C'est le cas de Pierre Marie Alexandre Dumoutier, phrénologiste et mouleur, qui participe à l’expédition de Jules Dumont d’Urville dans les mers du Sud (1837-1840). Le laboratoire d'anthropologie du Muséum national a reproduit et largement diffusé ces bustes, on en trouve aujourd'hui dans plusieurs écoles d'arts et musées dont celui de Toulouse.

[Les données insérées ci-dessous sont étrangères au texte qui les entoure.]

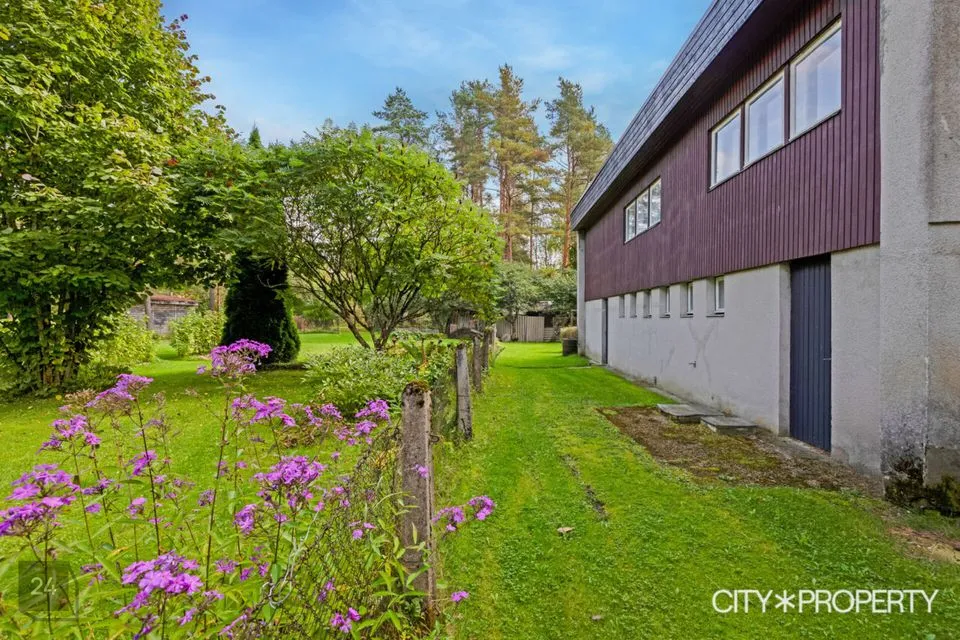 5-toaline Maja - Lääne-Harju vald, Vasalemma alevik - foto 5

Philippe Picot de Lapeyrouse fait appel à Pierre-Joseph Rédouté et à l’ingénieur et botaniste Laferrerie pour les dessins des planches1 de Figures de la flore des Pyrénées, 1795-1801 (coll. muséum, cote A 58, Rosalis). Certaines des planches de Laferrerie sont présentées aux Expositions des produits des beaux-arts et de l’industrie de Toulouse de 1827 et 18292 parmi divers montages ostéologiques, animaux naturalisés, boîtes entomologiques et moulages anatomiques3.

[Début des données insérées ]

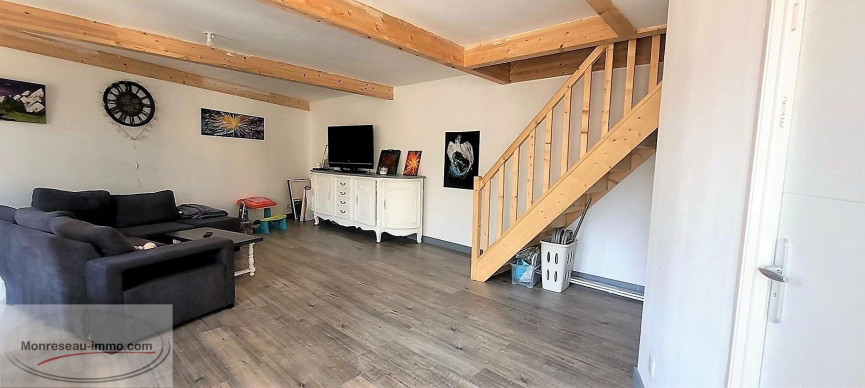 à vendre Maison Hurigny - Photo 8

En 1844, les peintres toulousains Léon Soulié4 et Jules Boilly5 travaillent sur la naturalisation de la girafe morte à Toulouse avec Nicolas Joly, Achille Lavocat et le taxidermiste Fleury Traverse. Une étude illustrée sur la préparation de cette girafe est publiée6. Ce spécimen, toujours conservé au muséum, est entièrement restauré en 1910 par Philippe Lacomme. Pour ce faire, il sculpte une maquette préparatoire malheureusement aujourd'hui disparue mais visible sur des photographies d'Augustin Pujol documentant ce travail.
P. M. A. Dumoutier
(1797-1871)
À cette époque, les artistes bénéficient d'une grande estime de la communauté scientifique et les préparateurs, mouleurs et taxidermistes sont considérés et désignés comme tels, du moins parmi les chefs d'atelier dont les identités sont arrivées jusqu'à nous. À Toulouse, Bonhenry puis Lacomme, son élève, officient seuls quoique le second ait parfois des « garçons de laboratoire ». Ils sont des figures locales renommées et Bonhenry aura même sa carte postale par Labouche dans la série des Types toulousains : « M. B. Préparateur au muséum d'histoire naturelle ».

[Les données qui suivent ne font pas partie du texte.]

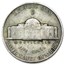 35% Silver War Nickels $1 Face Value Avg Circ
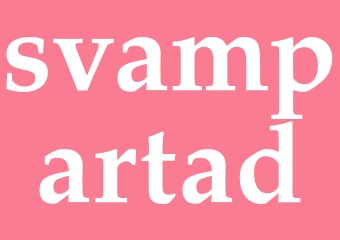 Synonym svampartad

Artistes et architectes se sont toujours inspirés du monde naturel. Avec l'expansion coloniale, les Occidentaux découvrent des cultures et espèces animales et végétales qui leur étaient jusqu'alors inconnues et dans lesquelles ils puisent abondamment. C'est le cas de Théodore Rivière dont le muséum conserve une statuette d'homme Afar (de la Corne de l'Afrique) ainsi que des médaillons de personnes liées au musée (Eugène Trutat, Gustave Marty et les préparateurs Philippe Lacomme, Victor et Pauline Bonhenry).
Les préparateurs dispensent des formations de taxidermie, étudiants et amateurs s’exercent au dessin dans les galeries du muséum et des collections sont prêtées à l’École des beaux-arts pour les travaux d’après nature7. Cette pratique perdure pendant plus d'un siècle et une collection spécifique est constituée à cet effet8. Un article de La Dépêche du 26 avril 18789, relate modestement : « Nous ne pouvons abandonner cette salle, sans dire un mot sur la qualité extrêmement remarquable des empaillages : nous pouvons, en effet, affirmer qu'il n'existe pas en France, même à Paris, un Musée où les animaux empaillés soient traités avec le talent qu'a mis notre préparateur [Victor Bonhenry, ancien élève du zoologiste et taxidermiste du MNHN, Théodore Poortman] à toutes les pièces sorties de son laboratoire. Les grands mammifères, par exemple, ne ressemblent guère aux peaux remplies de foin, qui garnissent le plus ordinairement les Musées. À Toulouse, chaque sujet est un véritable morceau de sculpture, les muscles se sentent sous la peau du tigre et du lion, le mouvement de l'animal est vrai; aussi peintres et sculpteurs viennent chercher dans nos galeries des modèles qu'il leur serait impossible de rencontrer ailleurs ».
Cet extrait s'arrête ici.